• [DATA BLOCK]
----
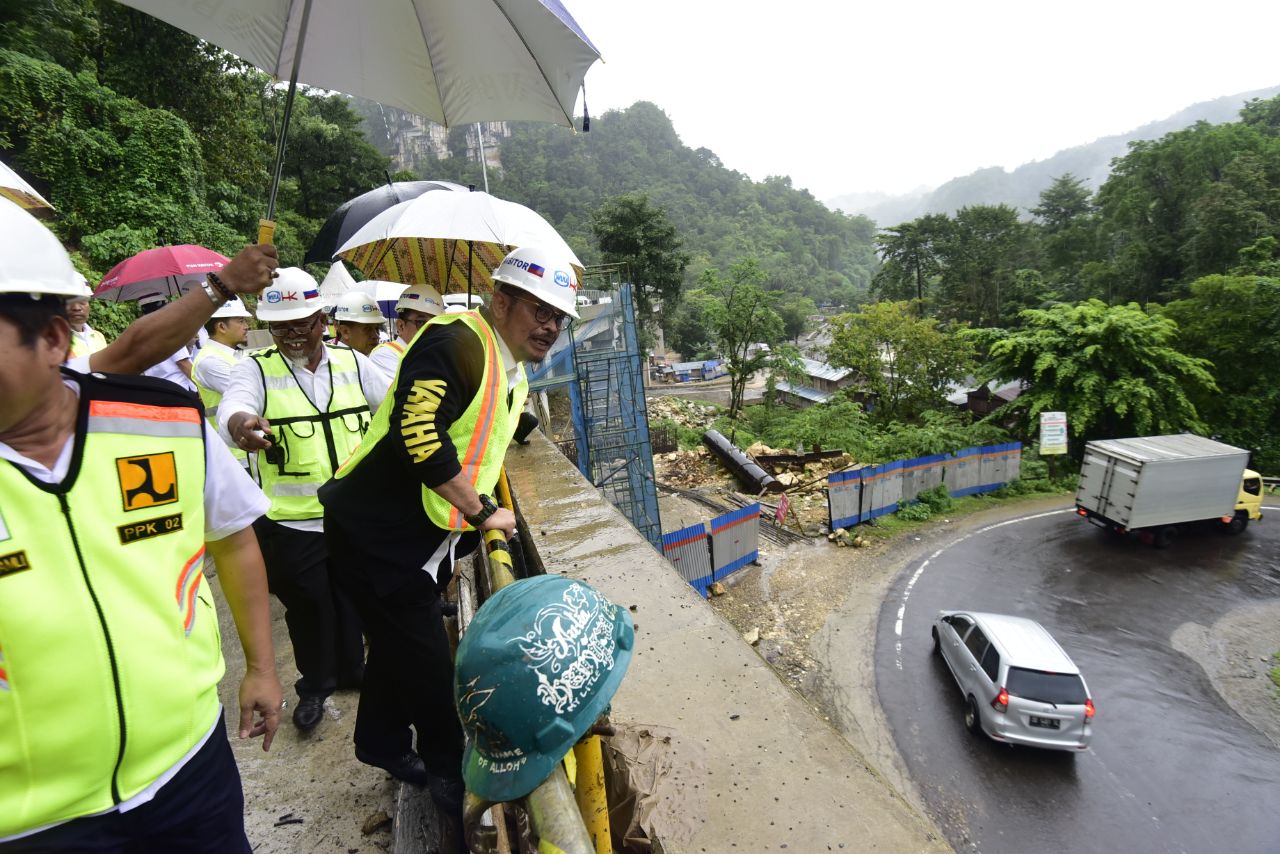 Gubernur Tinjau Pembangunan Proyek Elevated Road di Maros
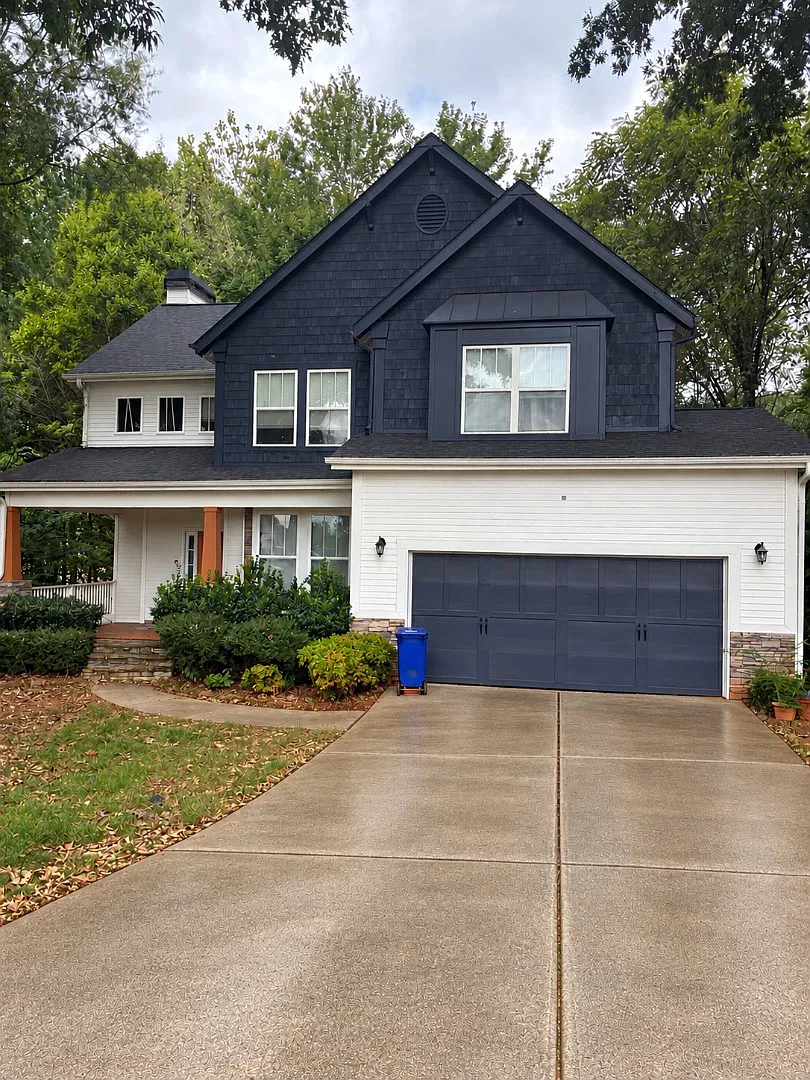 1548 Boulder Walk Way SE — Photo 1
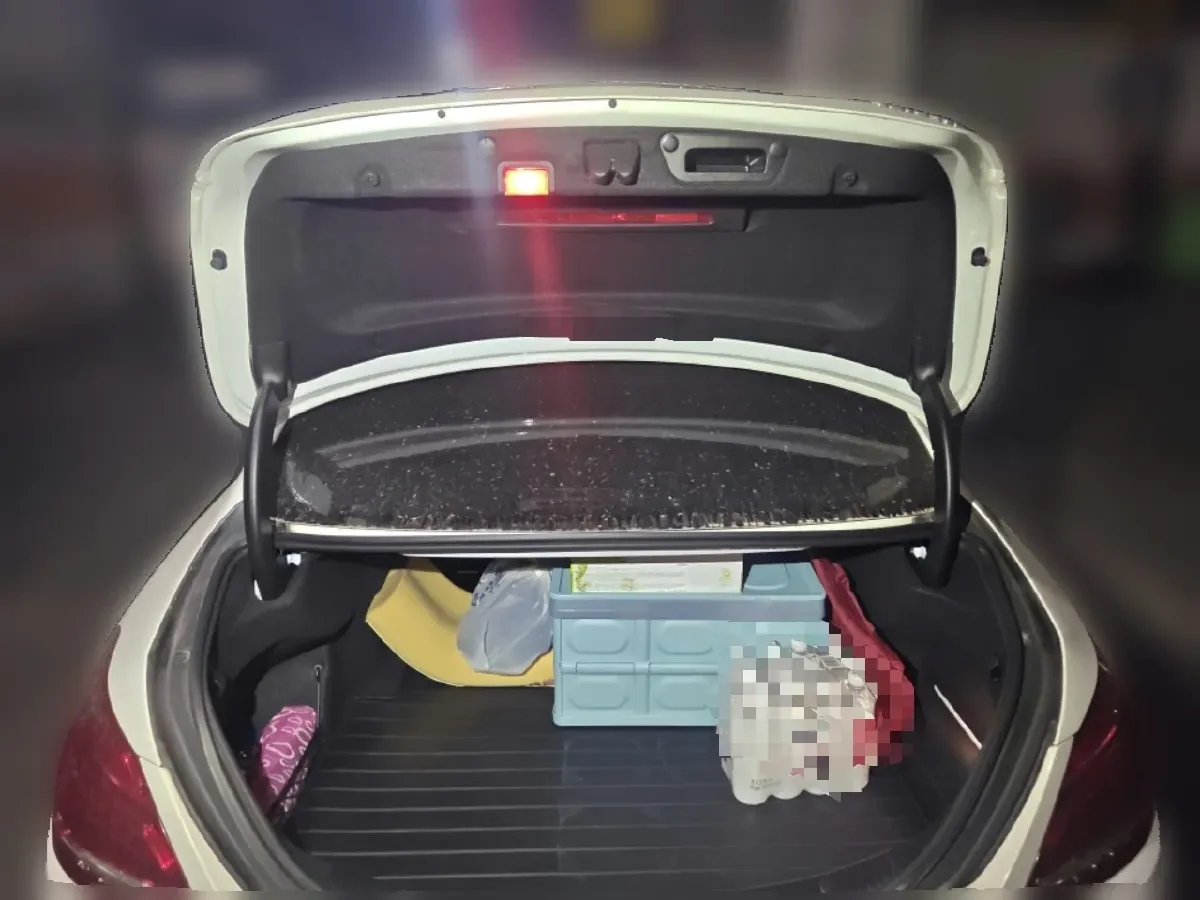 2018 Mercedes-Benz C Class 2.0T 184HP L4 9AT,autocango,china used car exporter,china ev exporter,chinese used car exporter,chinese used ev exporter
----
• [WORK REQUEST]
Could the material above be given again in full and exactly, with its pictures left out?

• [YOUR RESPONSE]
 Gubernur Tinjau Pembangunan Proyek Elevated Road di Maros
 1548 Boulder Walk Way SE — Photo 1
 2018 Mercedes-Benz C Class 2.0T 184HP L4 9AT,autocango,china used car exporter,china ev exporter,chinese used car exporter,chinese used ev exporter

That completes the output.